There is the additional possibility that more than one wave exists in space at the same time, and so the electric field is the sum of the two fields, each one propagating independently. This behavior of electric fields may be described by saying that if $f_1(x - ct)$ is a wave, and if $f_2(x - ct)$ is another wave, then their sum is also a wave. This is called the principle of superposition. The same principle is valid in sound.

We are familiar with the fact that if a sound is produced, we hear with complete fidelity the same sequence of sounds as was generated. If we had high frequencies travelling faster than low frequencies, a short, sharp noise would be heard as a succession of musical sounds. Similarly, if red light travelled faster than blue light, a flash of white light would be seen first as red, then as white, and finally as blue. We are familiar with the fact that this is not the case. Both sound and light travel with a speed in air which is very nearly independent of frequency. Examples of wave propagation for which this independence is not true will be considered in Chapter 48.

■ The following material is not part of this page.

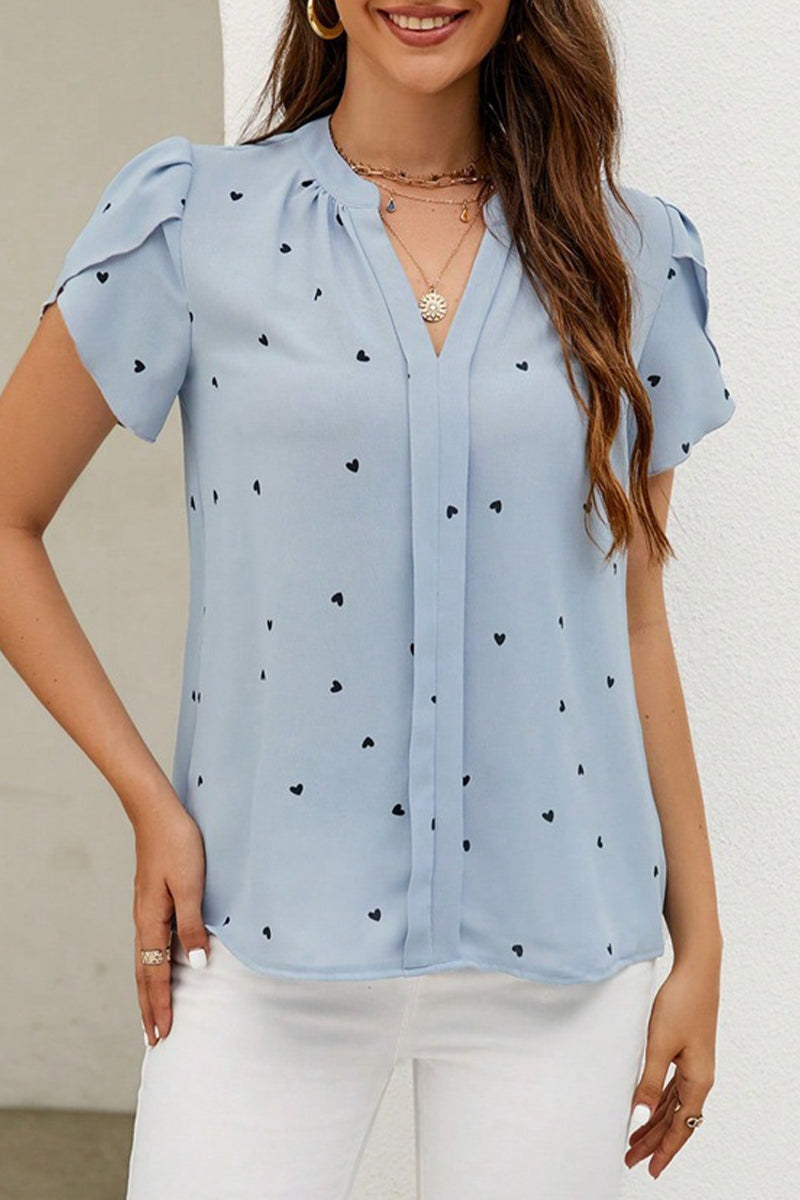 Hauts décontractés à col en V, imprimés et patchwork, motif "Love"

In the case of light (electromagnetic waves) we gave a rule which determined the electric field at a point as a result of the acceleration of a charge. One might expect now that what we should do is give a rule whereby some quality of the air, say the pressure, is determined at a given distance from a source in terms of the source motion, delayed by the travel time of the sound. In the case of light this procedure was acceptable because all that we knew was that a charge at one place exerts a force on another charge at another place. The details of propagation from the one place to the other were not absolutely essential. In the case of sound, however, we know that it propagates through the air between the source and the hearer, and it is certainly a natural question to ask what, at any given moment, the pressure of the air is. We would like, in addition, to know exactly how the air moves. In the case of electricity we could accept a rule, since we could say that we do not yet know the laws of electricity, but we cannot make the same remark with regard to sound. We would not be satisfied with a rule stating how the sound pressure moves through the air, because the process ought to be understandable as a consequence of the laws of mechanics. In short, sound is a branch of mechanics, and so it is to be understood in terms of Newton’s laws. The propagation of sound from one place to another is merely a consequence of mechanics and the properties of gases, if it propagates in a gas, or of the properties of liquids or solids, if it propagates through such mediums. Later we shall derive the properties of light and its wave propagation in a similar way from the laws of electrodynamics.

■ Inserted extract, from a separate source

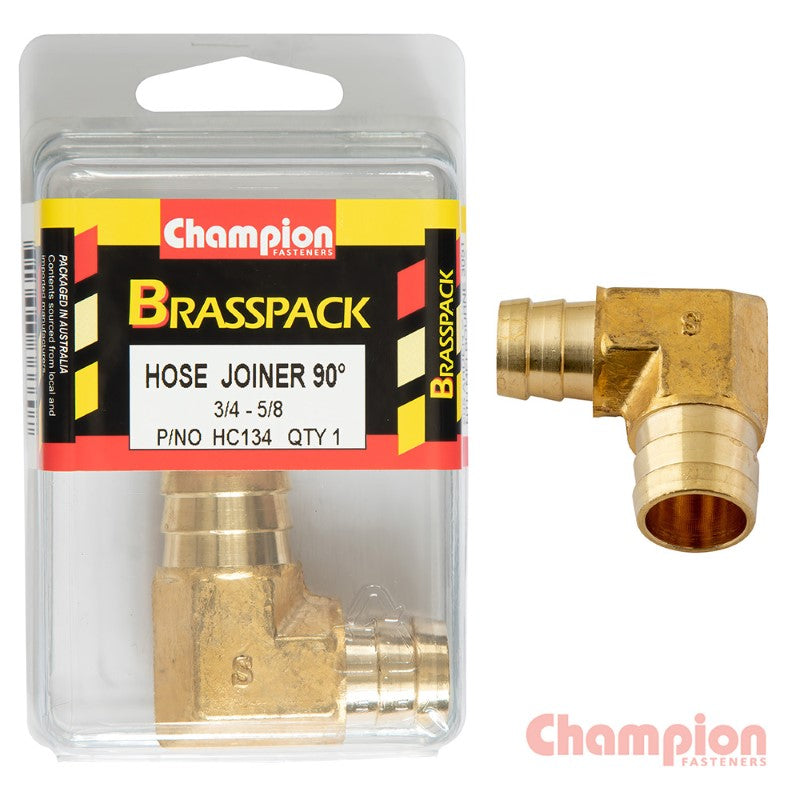 90-degree brass hose joiner reducer for 3/4" to 5/8" connections, ideal for efficient irrigation and secure fittings.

47–2The propagation of sound

We shall give a derivation of the properties of the propagation of sound between the source and the receiver as a consequence of Newton’s laws, and we shall not consider the interaction with the source and the receiver. Ordinarily we emphasize a result rather than a particular derivation of it. In this chapter we take the opposite view. The point here, in a certain sense, is the derivation itself. This problem of explaining new phenomena in terms of old ones, when we know the laws of the old ones, is perhaps the greatest art of mathematical physics. The mathematical physicist has two problems: one is to find solutions, given the equations, and the other is to find the equations which describe a new phenomenon. The derivation here is an example of the second kind of problem.

We shall take the simplest example here—the propagation of sound in one dimension. To carry out such a derivation it is necessary first to have some kind of understanding of what is going on. Fundamentally what is involved is that if an object is moved at one place in the air, we observe that there is a disturbance which travels through the air. If we ask what kind of disturbance, we would say that we would expect that the motion of the object produces a change of pressure. Of course, if the object is moved gently, the air merely flows around it, but what we are concerned with is a rapid motion, so that there is not sufficient time for such a flow. Then, with the motion, the air is compressed and a change of pressure is produced which pushes on additional air. This air is in turn compressed, which leads again to an extra pressure, and a wave is propagated.

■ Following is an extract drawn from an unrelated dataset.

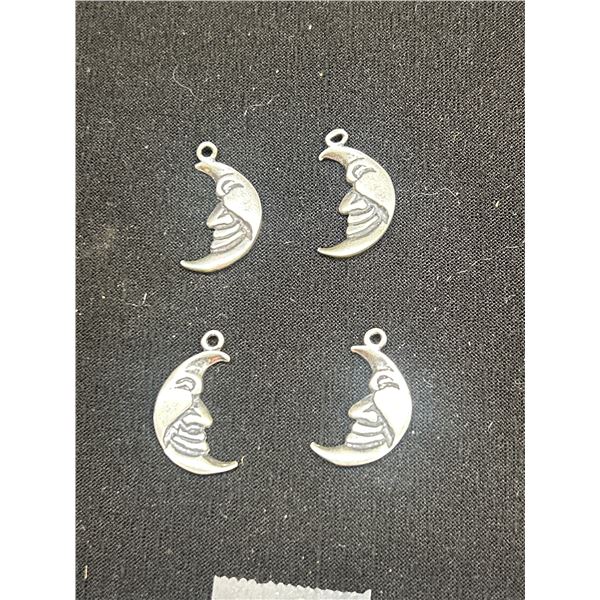 4 Sterling Silver Man in The Moon Charms/Pendants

We now want to formulate such a process. We have to decide what variables we need. In our particular problem we would need to know how much the air has moved, so that the air displacement in the sound wave is certainly one relevant variable. In addition we would like to describe how the air density changes as it is displaced. The air pressure also changes, so this is another variable of interest. Then, of course, the air has a velocity, so that we shall have to describe the velocity of the air particles. The air particles also have accelerations—but as we list these many variables we soon realize that the velocity and acceleration would be known if we knew how the air displacement varies with time.

As we said, we shall consider the wave in one dimension. We can do this if we are sufficiently far from the source that what we call the wavefronts are very nearly planes. We thus make our argument simpler by taking the least complicated example. We shall then be able to say that the displacement, $\chi$, depends only on $x$ and $t$, and not on $y$ and $z$. Therefore the description of the air is given by $\chi(x,t)$.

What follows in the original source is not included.